Anxious to be perceived as hot, and reluctant to feel left out of what Levy calls "the frat party of pop culture," FCPs eagerly make sex objects out of other women and themselves, claiming that watching Drew Barrymore whirl around a pole in the Charlie's Angels sequel and posing for Playboy is "empowering." Levy thinks they're kidding themselves, mistaking sexual power for real power and, worse, believing that mimicking the sexuality of strippers, Playmates, and porn stars -- women who are paid to simulate real women's sexuality -- is power in the first place. "'Raunchy' and 'liberated' are not synonyms," she says.

True. But they aren't necessarily opposites. As I was reading FCP, I kept remembering a scene from my youth. It was 1992 and I was in my kitchen, flipping through my dad's copy of Newsweek, when a picture stopped me cold. The girls in it were my age, but they looked a lot cooler than I did with their bleached blonde hair, arms crossed over their chests, and the word "Slut" scrawled in Sharpie across the defiantly unaerobicized stomachs protruding from their half-shirts. They were riot grrrls, "a sassy new breed of feminist for the MTV age." For the magazine's suburbanite subscribers -- who most likely couldn't fathom why a teenager would use her body as a billboard for high school's nastiest insult -- the article quoted one of the movement's zines: "SLUT. Yeah, I'm a slut. My body belongs to me. I sleep with who I want . . . I'm not your property." It was both no means no and yes means yes. To a seventeen-year-old girl, this was mind-blowing.

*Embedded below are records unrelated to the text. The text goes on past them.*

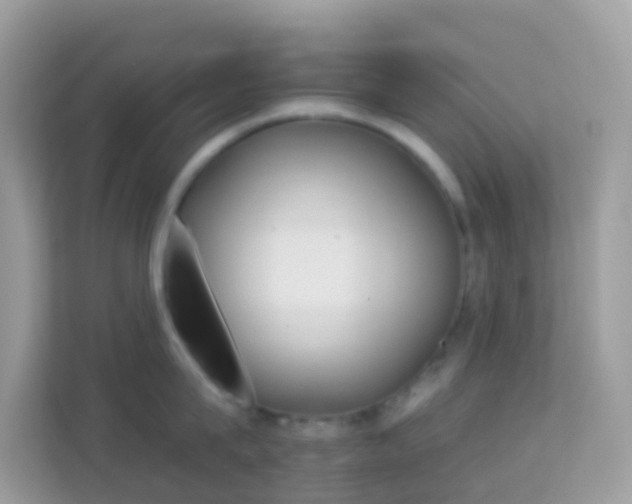 X0000114240815200910091507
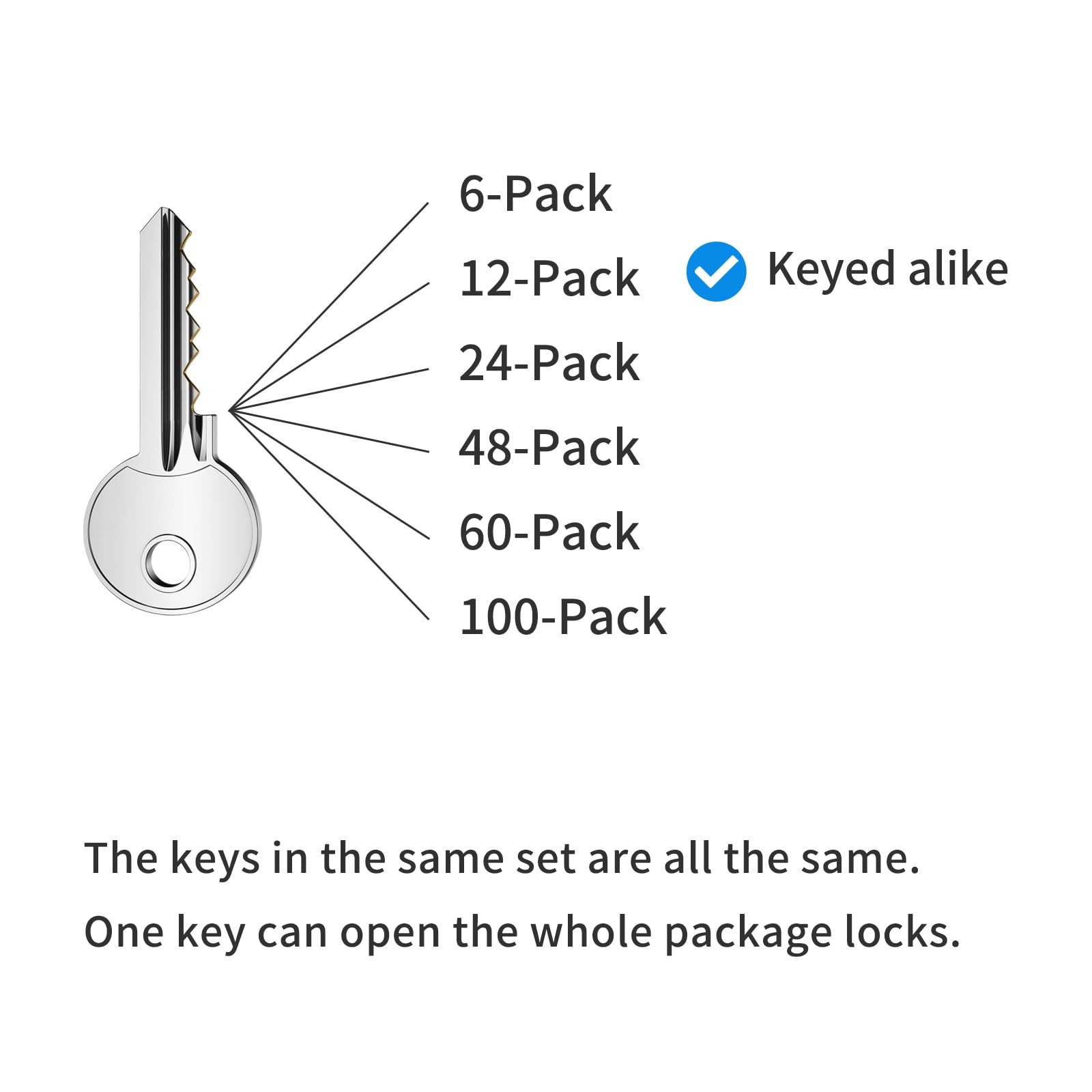 Padlocks with Same Key, LQYN 12 Pcs Laminated Keyed 12 Pack Blue, blue silver
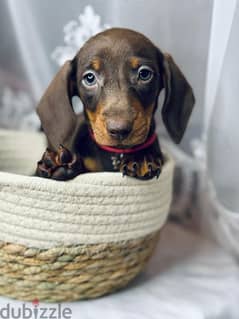 Imported dachshund chocolate female 0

Levy is an ardent student of feminist history, eagerly chronicling how, in the 1970s, women's liberation and the sexual revolution overlapped, then diverged, before devolving into the sex wars of the 1980s that split the activists into two camps: "pro-sex" and "anti-porn." But besides a smackdown of purportedly pro-woman CAKE parties -- which "seek to redefine the current boundaries [of] female sexuality" via pole dancers; scantily-clad, pillow-fighting models; and the drooling guys who attend them -- Levy skips right over the riot grrrls and the rest of the feminists who began coming of age in the 1990s, the women who call themselves the third wave, who aren't just consumers of raunch culture, but helped create and define it.

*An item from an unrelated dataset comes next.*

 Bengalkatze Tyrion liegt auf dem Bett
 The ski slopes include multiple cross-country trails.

It's a shame that Levy chooses to focus exclusively on young women who have nothing more on their minds than going wild, no political agenda other than getting ahead or liberating their own libidos. Because there are plenty of women who take a more socially conscious approach to smut. There are the women who, unhappy with a lack of girl-friendly porn, started Sweet Action, a glossy that showcases full-frontal rocker boys. There are the former editors of dearly departed teen magazine Sassy (which regularly and seriously used the word "patriarchy") who ran a monthly, guy-focused "Cute Band Alert" feature because "everyone needs someone to objectify."

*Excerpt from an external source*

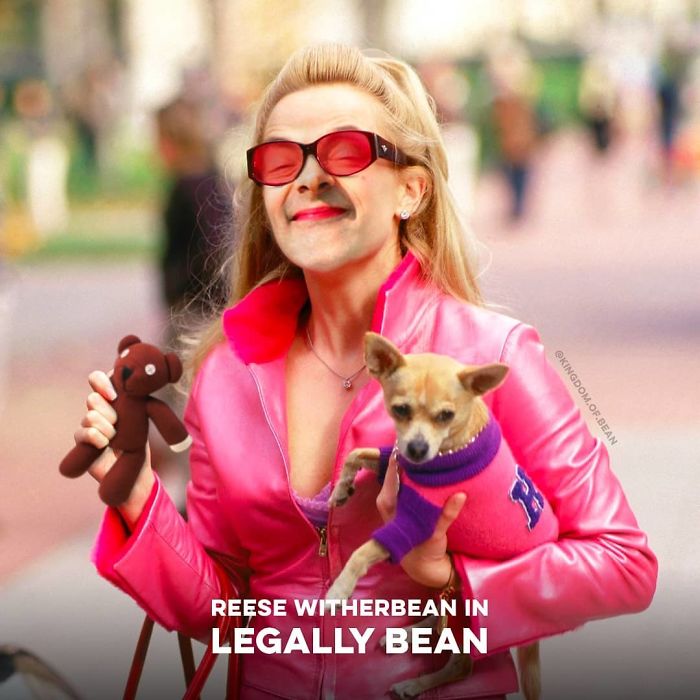 Reese Witherspoon en "Una rubia muy legal" como Mr. Bean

But third-wave women did more than turn the tables on men; they questioned the very foundations of sexuality. Levy worries that one of the biggest sexual issues confronting women is "the prioritizing of performance over pleasure." And I concur that there's a serious problem when teenage girls feel like they need to show up to school tarted up like Christina Aguilera on the cover of her Drrrty album. But that isn't the whole story. As any undergraduate worth her Women's Studies diploma knows, third wave she-roes like Judith Butler, author of Gender Trouble, and Madonna, star of Truth or Dare, have had a lot to say about how performance can be a part of pleasure. (One that guys may be cluing in to: An acquaintance recently told me about going to see friends of her daughter's play in a band. In the middle of the set, the two guys stopped performing -- in the acoustic sense, at least -- and began furiously making out. "It's almost like teenage boys have caught up to where teenage girls were ten years ago," the woman mused.)